Now, if I take a solution and present it to you in a manner that you can understand, that has an inherent value to the end user.

By this analogy attempting to say that LLMs are useless because they only know what already exists is far to harsh of measure because the vast volume of human output is rehashing what we already know.


I hate this sort of retort since it’s fundamentally meaningless. All atoms that will ever exist were in the singularity and exploded during the big bang to encompass all of the universe, and so we are all just moving along. Ok, so what.


The point of the retort is precisely to point out the meaninglessness when "regurgitation" is extended to include systems with some degree of generalization/extrapolation/discovery capabilities. The expectation set on AI seems to be to break information theory, "it's not original because it can only draw a horse (more accurately than a random guess) due to having trained on information about a horse" or so on.


A possibility that every idea necessary to put the James Webb Space Telescope in place and analyse the data it collects from the universe's earliest and most distant galaxies was already present thousands of years ago, in fact must have somehow been built in to the first humans? I don't think there is.


I'd guess that valid human-authored submissions were being rejected by moderators because they appeared to the moderator to be AI-authored. Moreover, there is probably a significant grey area where a human selects among multiple AI answers and refines them.

As a user of Stack Overflow answers, I don't care too much about who the author was. I do value the voting, comments and community on Stack Overflow, since they add confidence and color to an answer.


Why is that a bad thing? People do ask very similar things on Stackoverflow so if an AI can answer that, let it!


Probably scaling moderation to account for increasingly wrong and right-looking answers.


Not surprised - the universal issue with AI generated content is that it's near impossible to curate (not helped by what we'll call... a certain eagerness of its advocates to share the output of these tools) and often is wrong in imperceptibly tiny ways.


This just makes obvious sense.

If someone wants a GPT-generated answer, they can use ChatGPT themselves.

If I'm bothering to post my question to a forum, the social contract is that I'd like a response from a human.


Anyone around who moderators on SO? Is there a general sense of alienation from corporate SO?

My understanding is that in the early days, a lot of the devs at SO were actually recruited from the SO and Meta moderation userbase but probably that doesn't scale.

Example:

    Ben: And then, April 29th, I was, again, sitting in the agency, doing my thing, and I also had my personal email open, and I suddenly got an email from Jeff Atwood. 

    But it said, “Who should work for Stack Overflow?” That was the subject line, and then the body of the message said, “You should,” and that was basically it. 

    And that was kind of like this jaw-dropping thing, because from that moment on, it was this, “Okay, maybe the skill that I have is actually marketable,” kind of moment.
https://corecursive.com/stack-overflow/


Not a mod but mods have complained publicly about the sense of isolation for years


I used to be heavily active in curating SO, and yes, there is an incredibly strong sense of alienation from the corporation (which is what drove me away).

In the old days, most of the staff, from devs to management to the CEO, were active users of the site and hung out on Meta and in chat.
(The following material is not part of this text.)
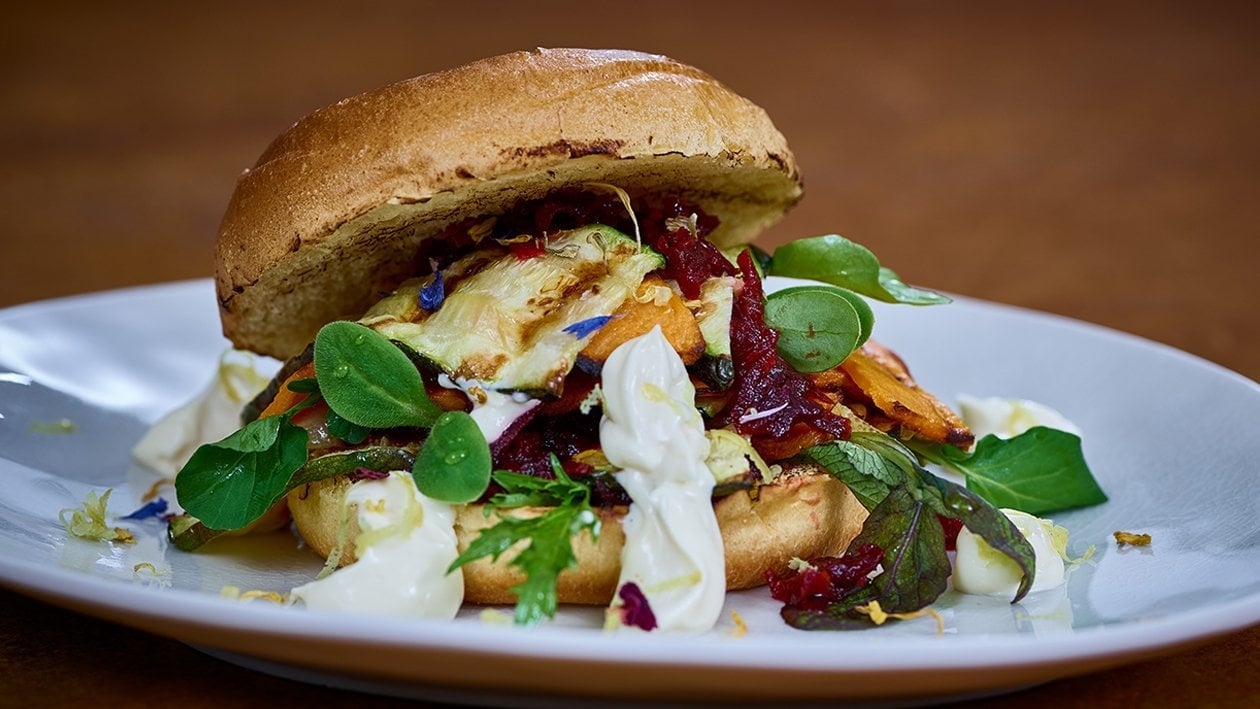 Süßkartoffel-Zucchini-Burger mit Rote Beete-Relish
They were easy to reach and happy to answer questions; and whenever they made major changes to the site they would go to Meta to ask for feedback and adjust their plans accordingly.

There was a noticeable shift in this dynamic starting around ~2016. Around this time, the company stopped focusing development effort on the core site functionality, and instead prioritized side products & attempts to monetize the site (most of which failed). Feature requests on Meta were almost completely ignored, and site features that had been on previously-announced timelines/roadmaps were never delivered. But the community was still as strong as ever; and so people started implementing these missing features themselves in the form of bots and userscripts. This was the "golden age" of moderation bots, and a really fun time to be a part of the community -- power users ran heavily modified frontends that could display all kinds of additional information and automate repetitive actions, and integrate with bots to do things that Stack Exchange's systems were bad at -- like flagging spam and low-quality posts; identifying plagiarism; and detecting flamewars in comments.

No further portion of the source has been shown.